The Republican Party platform committee ought to take note. Please note – he is talking about being “obsessed” over it, he is not supporting abortion, contraception or gay marriage.

by Laurie Goodstein

Pope Francis, in the first extensive interview of his six-month-old papacy, said that the Roman Catholic church had grown “obsessed” with preaching about abortion, gay marriage and contraception, and that he has chosen not to speak of those issues despite recriminations from some critics.

In remarkably blunt language, Francis sought to set a new tone for the church, saying it should be a “home for all” and not a “small chapel” focused on doctrine, orthodoxy and a limited agenda of moral teachings.

“It is not necessary to talk about these issues all the time,” the pope told the Rev. Antonio Spadaro, a fellow Jesuit and editor in chief of La Civiltà Cattolica, the Italian Jesuit journal whose content is routinely approved by the Vatican. “The dogmatic and moral teachings of the church are not all equivalent. The church’s pastoral ministry cannot be obsessed with the transmission of a disjointed multitude of doctrines to be imposed insistently.

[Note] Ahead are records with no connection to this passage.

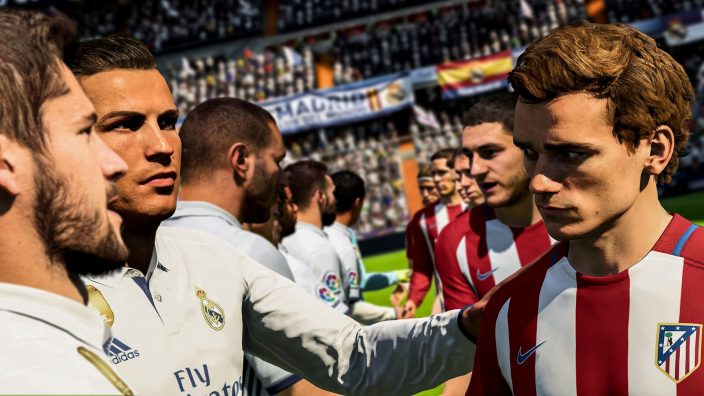 Fifa 18 İndir İndir ekran görüntüsü 3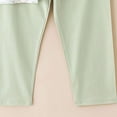 thumbnail image 6 of Toddler Baby Girl Fall Clothes Long Sleeve Hoodie Sweatshirts Pants Set Winter Outfits 6-12 Months 12-24 Months 2t 3t 4t 5t 6t 7t 8t 9t Children,Durable 3-4 Years, 6 of 7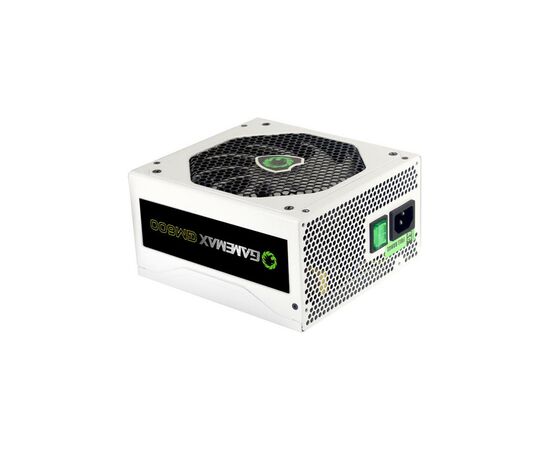 Блок питания Gamemax 600W (GM-600-WHITE)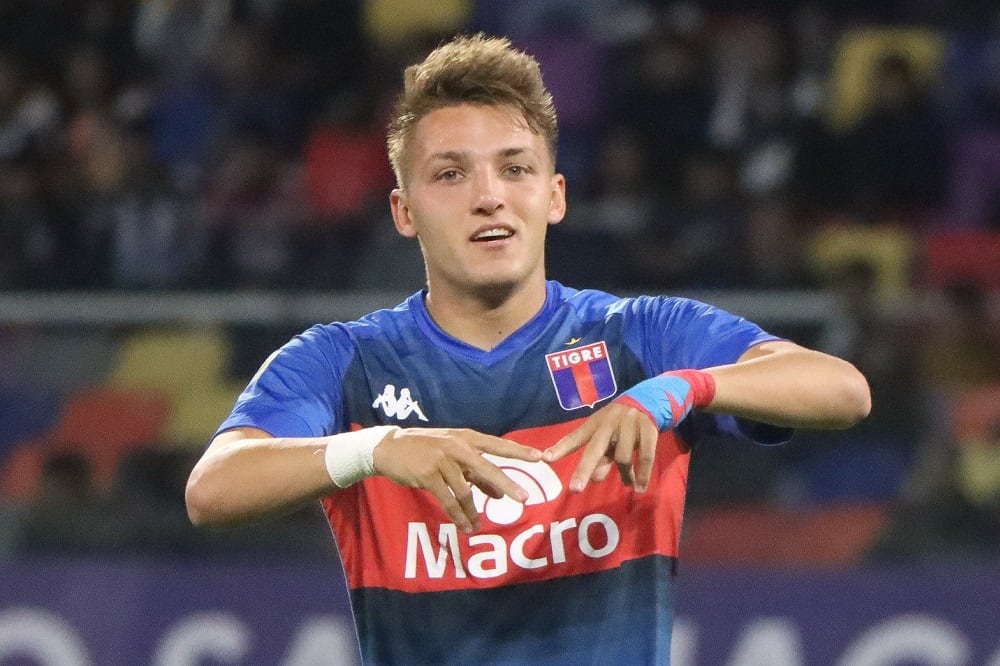 Mateo Retegui, uno de los jugadores que la liga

“We have to find a new balance,” the pope continued, “otherwise even the moral edifice of the church is likely to fall like a house of cards, losing the freshness and fragrance of the Gospel.”

[..........]

The interview was released simultaneously on Thursday morning by 16 Jesuit journals around the world, and includes the pope’s lengthy reflections on his identity as a Jesuit. Pope Francis personally reviewed the transcript in Italian, said the Rev. James Martin, an editor-at-large of America, the Jesuit magazine in New York. America and La Civiltà Cattolica together had asked Francis to grant the interview, which America is publishing in its magazine and as an e-book.

“Some of the things in it really surprised me,” Father Martin said. “He seems even more of a free-thinker than I thought — creative, experimental, willing to live on the margins, push boundaries back a little bit.”

The new pope’s words are likely to have repercussions in a church whose bishops and priests in many countries, including the United States, often appeared to make combating abortion, gay marriage and contraception their top public policy priorities. These teachings are “clear” to him as “a son of the church,” he said, but they have to be taught in a larger context. “The proclamation of the saving love of God comes before moral and religious imperatives.”

From the outset of his papacy in March, Francis has chosen to use the global spotlight to focus instead on the church’s mandate to serve the poor and marginalized.  [.......]

His pastoral presence and humble gestures have made him wildly popular, according to recent surveys. But there has been a low rumble of discontent from some Catholic advocacy groups, and even from some bishops, who have taken note of his silence on abortion and gay marriage. Earlier this month, Bishop Thomas Tobin of Providence, R.I., told his diocesan newspaper that he was “a little bit disappointed in Pope Francis” because he had not spoken about abortion.  [........]

The interview is the first time Francis has explained the reasoning behind both his actions and omissions. He also expanded on the comments he made about homosexuality in July, on an airplane returning to Rome from Rio de Janeiro, where he had celebrated World Youth Day. In a remark then that produced headlines worldwide, the new pope said, “Who am I to judge?” At the time, some questioned whether he was referring only to gays in the priesthood, but in this interview he made clear that he had been speaking of gays and lesbians in general.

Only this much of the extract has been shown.